___ RECORDED INFORMATION ___
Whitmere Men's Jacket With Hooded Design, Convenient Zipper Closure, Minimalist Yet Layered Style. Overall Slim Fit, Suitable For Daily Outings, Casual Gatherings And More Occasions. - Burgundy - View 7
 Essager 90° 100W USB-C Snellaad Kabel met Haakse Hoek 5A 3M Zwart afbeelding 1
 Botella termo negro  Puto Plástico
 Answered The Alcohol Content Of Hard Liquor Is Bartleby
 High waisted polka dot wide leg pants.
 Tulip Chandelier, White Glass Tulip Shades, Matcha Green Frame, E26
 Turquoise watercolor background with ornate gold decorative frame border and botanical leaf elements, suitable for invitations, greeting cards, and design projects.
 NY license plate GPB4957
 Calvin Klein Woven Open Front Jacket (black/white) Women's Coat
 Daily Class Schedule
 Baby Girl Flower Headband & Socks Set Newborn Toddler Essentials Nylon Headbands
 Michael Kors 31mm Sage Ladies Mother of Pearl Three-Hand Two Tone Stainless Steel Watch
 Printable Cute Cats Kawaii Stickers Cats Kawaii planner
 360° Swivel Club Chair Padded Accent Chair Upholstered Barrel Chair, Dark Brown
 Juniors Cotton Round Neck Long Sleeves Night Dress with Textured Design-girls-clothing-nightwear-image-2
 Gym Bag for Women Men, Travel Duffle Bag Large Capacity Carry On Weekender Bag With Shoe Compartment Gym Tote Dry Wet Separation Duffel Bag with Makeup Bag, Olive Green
___
** WHAT THE TASK REQUIRES **
Copy out each record from above, exactly.

** OUTPUT FOR THIS TASK **
Whitmere Men's Jacket With Hooded Design, Convenient Zipper Closure, Minimalist Yet Layered Style. Overall Slim Fit, Suitable For Daily Outings, Casual Gatherings And More Occasions. - Burgundy - View 7
 Essager 90° 100W USB-C Snellaad Kabel met Haakse Hoek 5A 3M Zwart afbeelding 1
 Botella termo negro  Puto Plástico
 Answered The Alcohol Content Of Hard Liquor Is Bartleby
 High waisted polka dot wide leg pants.
 Tulip Chandelier, White Glass Tulip Shades, Matcha Green Frame, E26
 Turquoise watercolor background with ornate gold decorative frame border and botanical leaf elements, suitable for invitations, greeting cards, and design projects.
 NY license plate GPB4957
 Calvin Klein Woven Open Front Jacket (black/white) Women's Coat
 Daily Class Schedule
 Baby Girl Flower Headband & Socks Set Newborn Toddler Essentials Nylon Headbands
 Michael Kors 31mm Sage Ladies Mother of Pearl Three-Hand Two Tone Stainless Steel Watch
 Printable Cute Cats Kawaii Stickers Cats Kawaii planner
 360° Swivel Club Chair Padded Accent Chair Upholstered Barrel Chair, Dark Brown
 Juniors Cotton Round Neck Long Sleeves Night Dress with Textured Design-girls-clothing-nightwear-image-2
 Gym Bag for Women Men, Travel Duffle Bag Large Capacity Carry On Weekender Bag With Shoe Compartment Gym Tote Dry Wet Separation Duffel Bag with Makeup Bag, Olive Green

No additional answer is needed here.